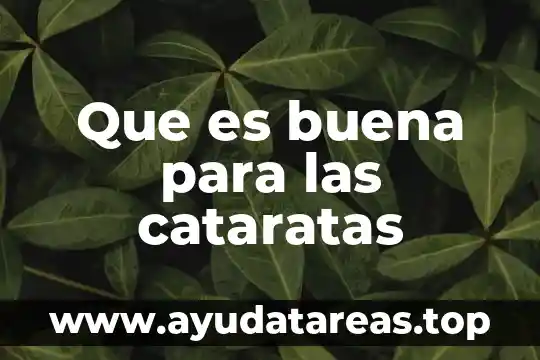 Para que es buena la arcilla en 6 Que es buena para las cataratas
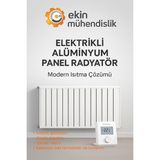 Ekin Mühendislik Elektrikli Alüminyum Panel Radyatör (Kablosuz Oda Termostatlı) - 600 W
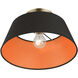 Palma 1 Light 13 inch Antique Brass Semi-Flush Mount Ceiling Light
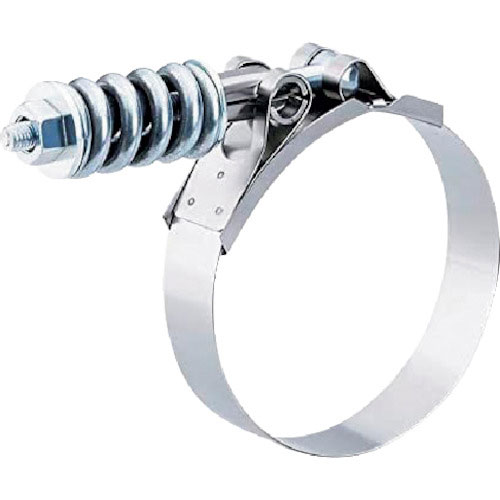 ブリーズ Tボルトホースクランプ コンスタントテンション 19mmタイプ(SUS301)_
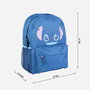 Disney Mochila Casual Stitch Personaje, Poliéster, Color Azul, Para Adolescentes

□ □ □

**Required work:** Pictures are to be left out, and each line from the one that contains "Palma 1 Light" through the end of the listing is to be copied exactly.

**Response for this exercise:**
 Palma 1 Light 13 inch Antique Brass Semi-Flush Mount Ceiling Light
 ブリーズ Tボルトホースクランプ コンスタントテンション 19mmタイプ(SUS301)_
 Disney Mochila Casual Stitch Personaje, Poliéster, Color Azul, Para Adolescentes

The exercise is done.